Paulina Zamora
3 min readApr 17, 2024

Es difícil no sentir vergüenza si intento escribir sobre la depresión, los dedos se me ensucian de juicios morales aunque no lo quiera, porque es moralmente vergonzoso escribir que despierto tarde por las mañanas y todavía más tarde me levanto de la cama, que los huesos y músculos pesan como si el día anterior hubiera sido productivo, y en realidad uno tras otro son iguales, semana tras semanas vacías, despertando sin hallar una motivación, más que la religión del café mañanero y luego el hambre y un huevo para anticiparme al dolor de cabeza si no como.

No hay agendas, no por falta de responsabilidades, sencillamente la memoria abandonó esos anclajes para darle significado a los días, de enero, de febrero, de marzo y de abril. No hay trabajo, acaso los trastes, que tampoco se juntan por mi moralidad rígida, así como el baño y la higiene personal.

Hoy es mucho pedir que no escriba textos tristes, pobres, domésticos, mínimos, dolorosos, no hay otra cosa.

Sigo yendo a terapia, que quizá se perciba como un lujo, porque se ha vuelto la única vía para continuar estando aquí. Es el espacio de mí para mí, para hablar sin ser juzgado, incluso descanso de la voz de la mente. Es la forma que he encontrado para cuidarme y seguir vivo. Quiero decir, que es verdad no estoy solo, tengo pareja y amigues cerca, me ayudan y me acompañan, me permito ser cuidada por ellos. Por eso no he dejado la terapia.
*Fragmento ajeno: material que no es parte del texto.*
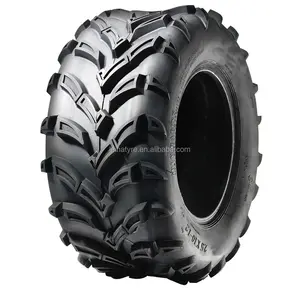 טרקטורונים/UTV Quad עבור Kart באגי בצור 27X8-14 27X9-14 27X10-14 27X11-14 27X12-14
Es penoso verme a mí mismo con la mirada de los demás, filtrada por la despiadada manera de juzgarme.

El otro día salí a caminar para buscar trabajos anunciados en establecimientos y en la calle, sin darme cuenta tomé el rumbo más solitario y mi cabeza se fue a otro lugar menos a lo que me había propuesto, creo que tenía los ojos en los pasos de mis pies.

Tenía también la consigna de escribir más y aumentar aquel ensayo, aconsejado por un amigo, para mandarlo a una editorial o lo que fuera, que con suerte lo acepten y publicaran. Ha pasado medio año y no he agregado una sola palabra, qué tendría que añadir ¿que a Miguel lo mataron? agregar que, después de nuestra despedida con la que cierra el relato, un día recibí el mensaje de que había muerto, y por la noche marqué al teléfono del sitio de taxis que era su base de trabajo, para preguntar por él. Hola ¿está Miguel? No, me responden. ¿Sabes si le pasó algo? Se murió, lo mataron, está enterrado en el panteón de (nombre de poblado), de donde es su familia. Gracias, y colgué.

¿Qué más se supone que debo de agregar? Que la ola de violencia de mi ciudad es un lastre que no sé en qué basurero tirar, que aun tengo pesadillas de sucesos horribles, sueños con pánico y paranoia. Que convierta todo eso en material narrativo. Hay temporadas que la herida está cerrada, a punto de cicatrizar, pero luego otras donde se le sale el alma a mi cuerpo y me vuelvo un fantasma que no aprendió nada de cómo seguir la vida y habitar el mundo. Y tengo que volver a la vida, no sé cómo pero tengo que volver, ser funcional, una persona responsable, un tonto que encuentra sentido en perseguir sus sueños. A la búsqueda del enunciado que ponga en marcha la escritura que sí vale. No sé.